Chances are you've never heard of Chris Kirstein. And until a few weeks ago I hadn't either. I woke to my alarm on a chilly Sunday morning, still pretty sore from running the day before, and I had to give myself a pep talk just to get out of bed. Surely it would be ok – and perfectly understandable – if I take today off. My legs are sore. It's cold outside. Just roll over and go back to sleep.

But I didn't. I got up, made myself some oatmeal, and gathered my stuff. I quietly paced the house trying to stretch my legs and pretty soon it was time to leave.

Leaving my boys at home, sleeping snugly in their beds, I got in the car and headed for Lake Fayetteville and a chilly, Sunday morning 10K. I was still unconvinced that racing was a good idea that day and about halfway to the end of our street I reconsidered my original plan of going back to bed.

But right about the time my attitude almost got the best of me, a new song came on the radio.

U2's Beautiful Day.

And I remembered why I had agreed to run this race in the first place.

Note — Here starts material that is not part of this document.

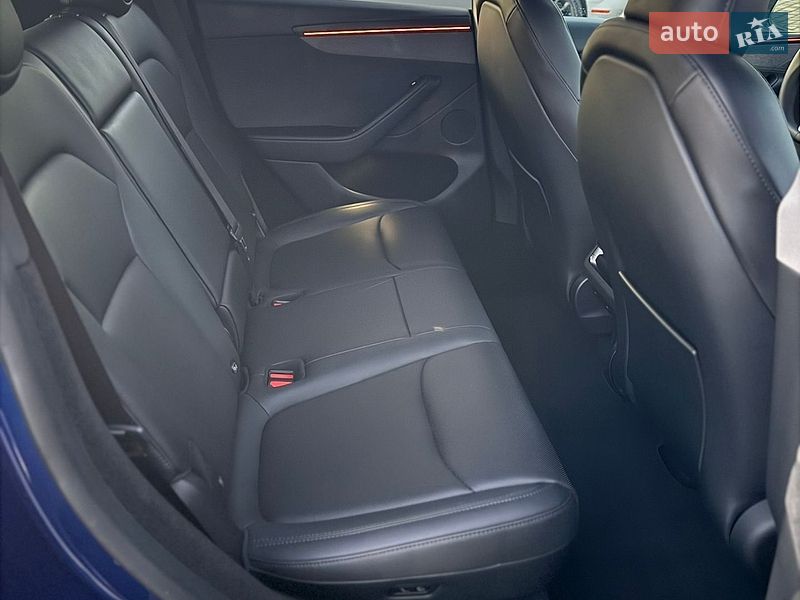 Позашляховик / Кросовер Tesla Model Y 2025 в Києві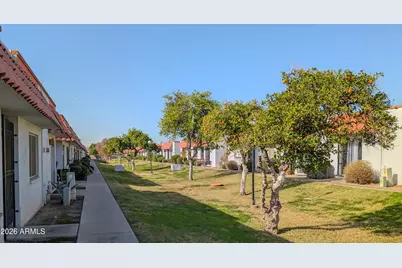 6812 N 35th Avenue #E, Phoenix, AZ 85017 - Photo 10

The race – Run for Every Chris – exists to raise funds and awareness for the Arkansas Crisis Center as the Center spreads suicide awareness and provides crisis intervention for the state. All of it in memory of Chris, a 15 year old boy who took his life in 1994.

I was there to run for Chris. For every Chris. I had never met Chris Kirstein, but he dragged my sorry attitude out of bed that morning and got me to the start line.

I was also there to run for Jami. You probably don't know her either, but she's part of the extended family I inherited by working at Saatchi. Jami's mom Michelle is my friend and coworker. Their family's heartbreaking story is here. Jami is a Chris. She committed suicide in 2005. The day of the race would have been her 23rd birthday.

Jeff, Michelle, Sarah
Saatchi & Saatchi Xers: Jeff Gordon, Michelle Sbabo, Sarah Hood. Run for Every Chris 10K – 2011.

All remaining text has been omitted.